Heißt: Hier könnte man auch bei Bahlsen überlegen, dass man das erneute Redesign vom früheren Design aus ableitet, um ganz bewusst das Redesign von 2021 auszuklammern. Hier haben starke Marken wie Bahlsen einen enormen Vorteil, weil das Design vor 2021 mit Sicherheit noch im kollektiven Gedächtnis abgespeichert ist.
(2) Die richtige Inszenierung wählen
Aber man könnte bei Bahlsen noch einen Schritt weitergehen, um das erneute Redsign gekonnt zu zelebrieren. Dabei könnte man Einiges von Nivea lernen. Dazu sollten wir uns in das Jahr 2010 zurückbegeben. Damals schrieb die Financial Times Deutschland: „Pflege-Fall Nivea: Eigentlich war Beiersdorf immer der Streber der Kosmetikbranche. Doch mit ihrer Flagschiffmarke haben sich die Hamburger gründlich verzettelt. Nun steuern sie gegen – und wollen zurück zu den Wurzeln.“ So musste man bei Nivea erkennen, dass die Marke das Konzept „Schönheitspflege“ nicht trägt.
Also startete man bei Nivea einen Repositionierungsprozess, der auf drei zentralen Säulen basierte:
(1) Die verbale Repositionierung: Man refokussierte sich wieder auf den Kernwert „Pflege“ und ließ die „Schönheitspflege sanft einschlafen.
(2) Die visuelle Repositionierung: Man überarbeitete das Verpackungsdesign, um auch am Point of Sale wieder stärker wahrgenommen zu werden. Dazu machte man die berühmte blaue Dose zum Logo und zentralen Verpackungselement.
(3) Das Timing: Ganz entscheidend dabei war aber, dass man das Ganze perfekt in das damalige 100-Jahre-Markenjubiläum integrierte. Damit hatte man die perfekte Inszenierungsbühne für diese Repositionierung.
Heißt: Auch wenn bei Bahlsen aktuell wahrscheinlich kein Jubiläum ansteht, sollte man sich eine perfekte Dramaturgie überlegen. So könnte man das erneute Redesign etwa mit einem Leadprodukt starten und dann gekonnt Schritt für Schritt einführen. Viele Marken zerstören selbst ihr Inszenierungs- und Dramatisierungspotenzial, weil man alles auf einmal machen möchte.

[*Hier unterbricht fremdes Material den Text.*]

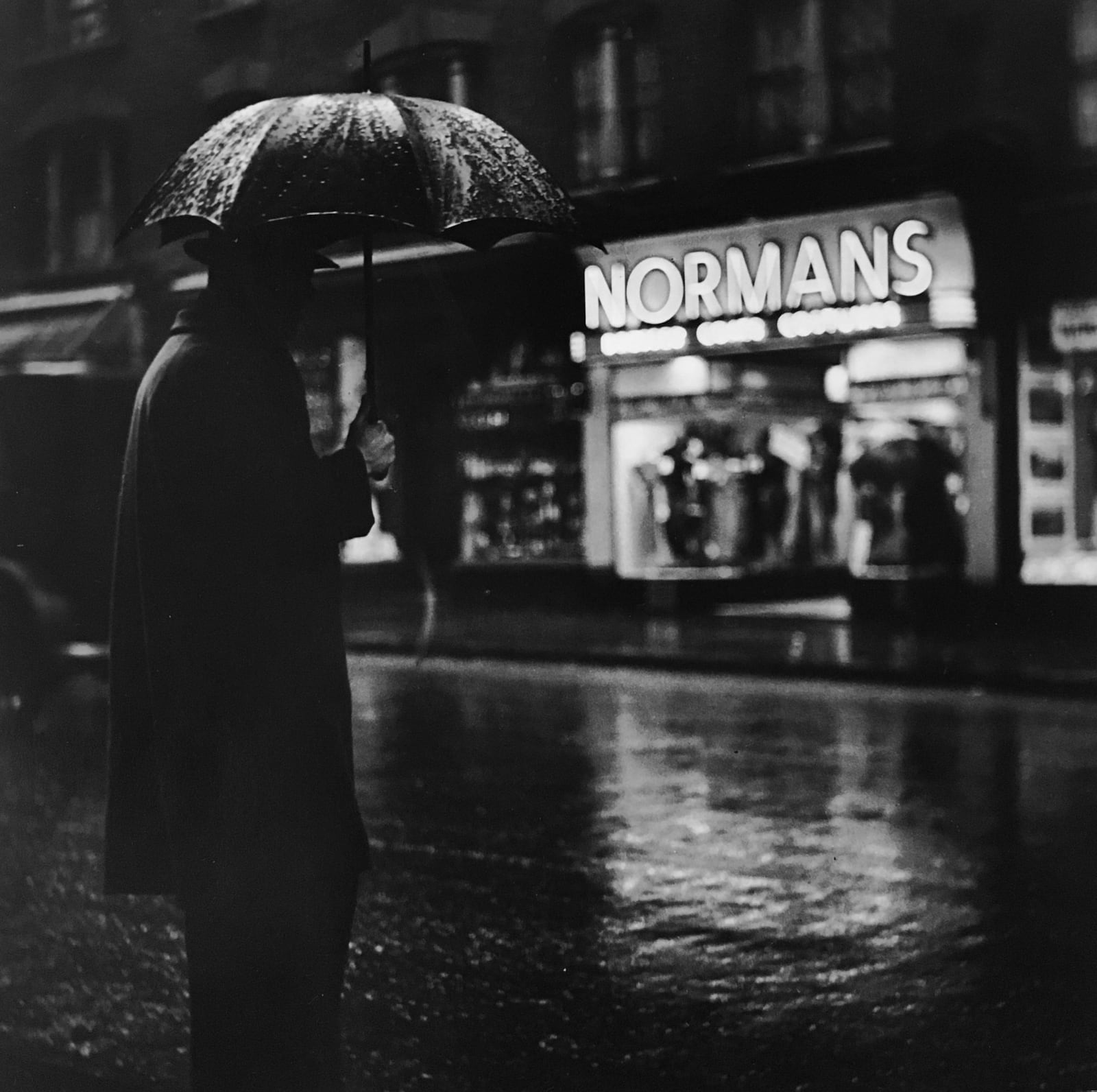 Wolfgang Suschitzky, London, Charing Cross Road (Normans), 1937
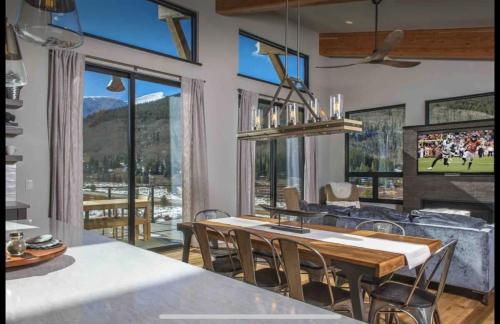 Modern 3BR Chalet with Hot Tub and Mt Quandary Views in Blue River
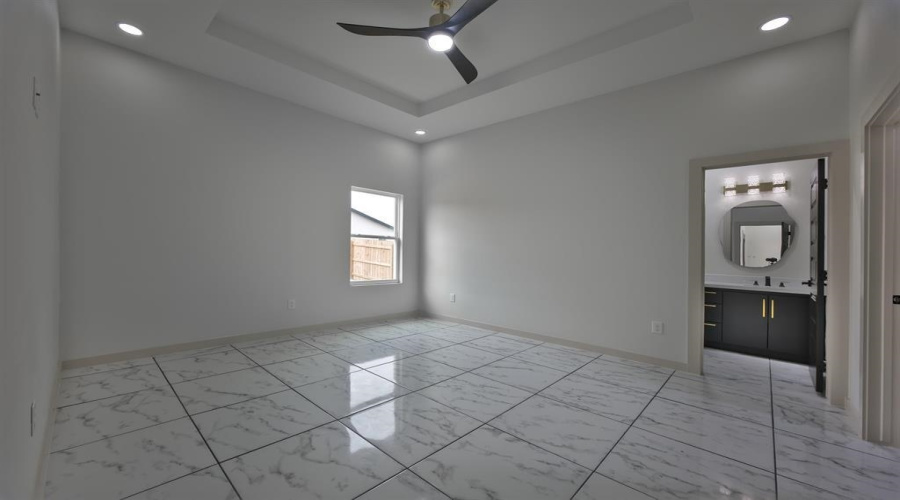 2914 Coventry Dr., LAREDO, Texas 78046, 3 Bedrooms Bedrooms, 5 Rooms Rooms,2 BathroomsBathrooms,Residential,For Sale,2914 Coventry Dr.,20262485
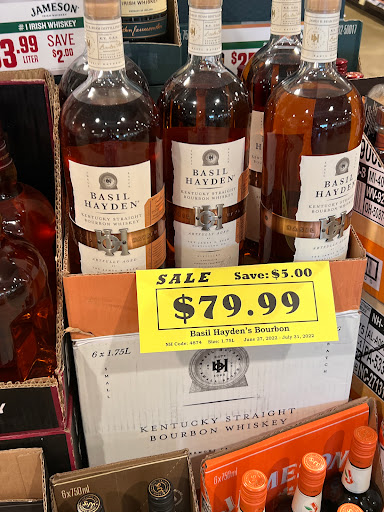 State Liquor Store «NH Liquor & Wine Outlet», reviews and photos, 294 Daniel Webster Hwy, Nashua, NH 03060, USA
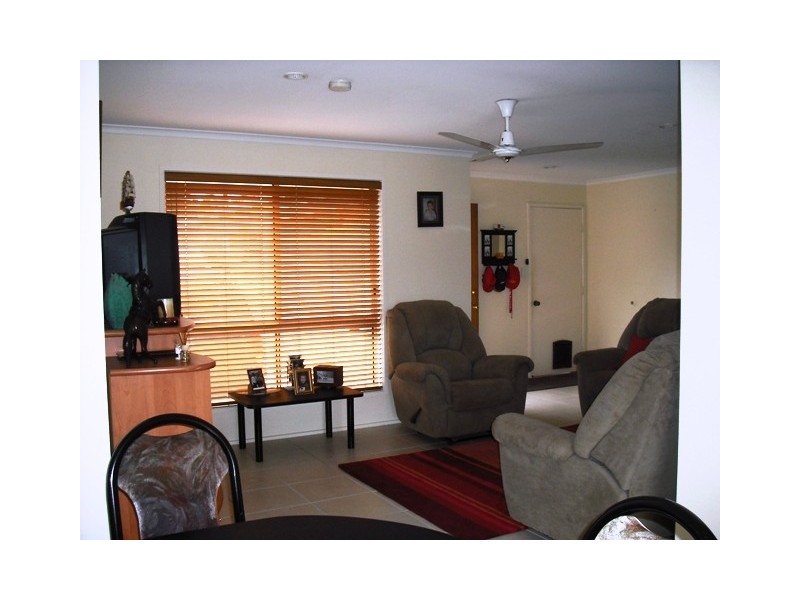 11 Tocumwal Court, Helensvale QLD 4212
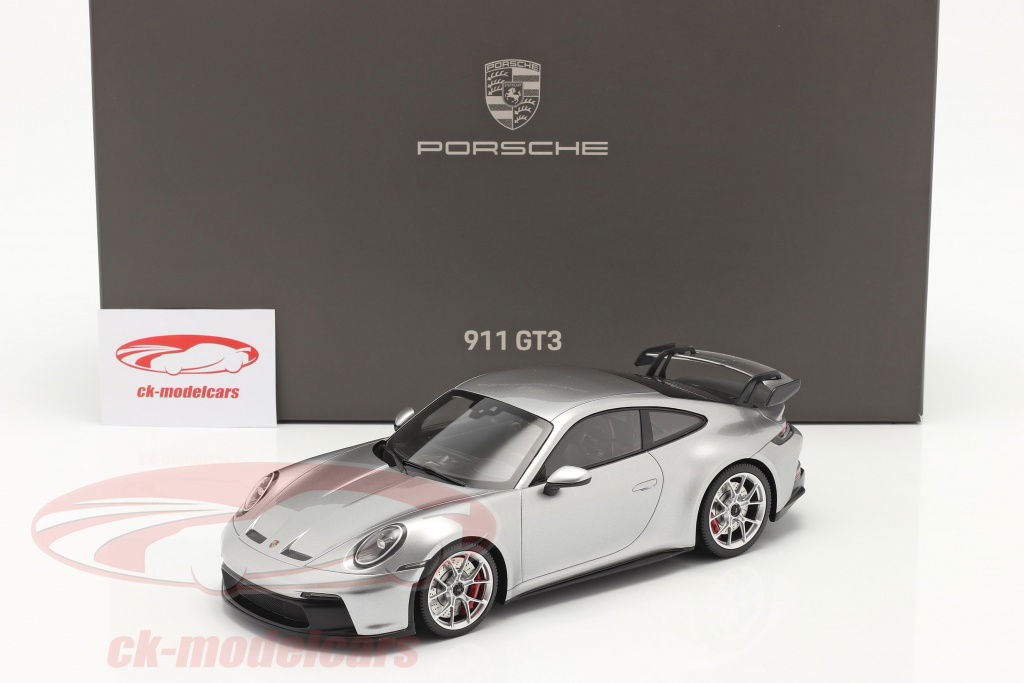 Porsche 911 GT 1/18 スケールモデル シルバー Porsche 911 GT 1/18 スケールモデル シルバー - メルカリ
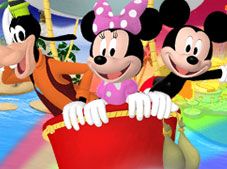 Mickey and Minnie's Universe game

Repositionierung als Prozess sehen
Fazit: Bei Bahlsen steht man aktuell aus Markensicht sicher vor großen Herausforderungen, um die Marke neu verbal und visuell zu positionieren. Dabei sollte man unbedingt im kollektiven Gedächtnis der Kunden starten, um darauf aufbauend die Marke gekonnt neu für die Zukunft auszurichten. Im Idealfall sieht man dabei diese Repositionierung nicht als eine Art „mentales Überfallskommando“, sondern als einen Prozess, um die Marke neu Schritt für Schritt zu inszenieren und zu dramatisieren.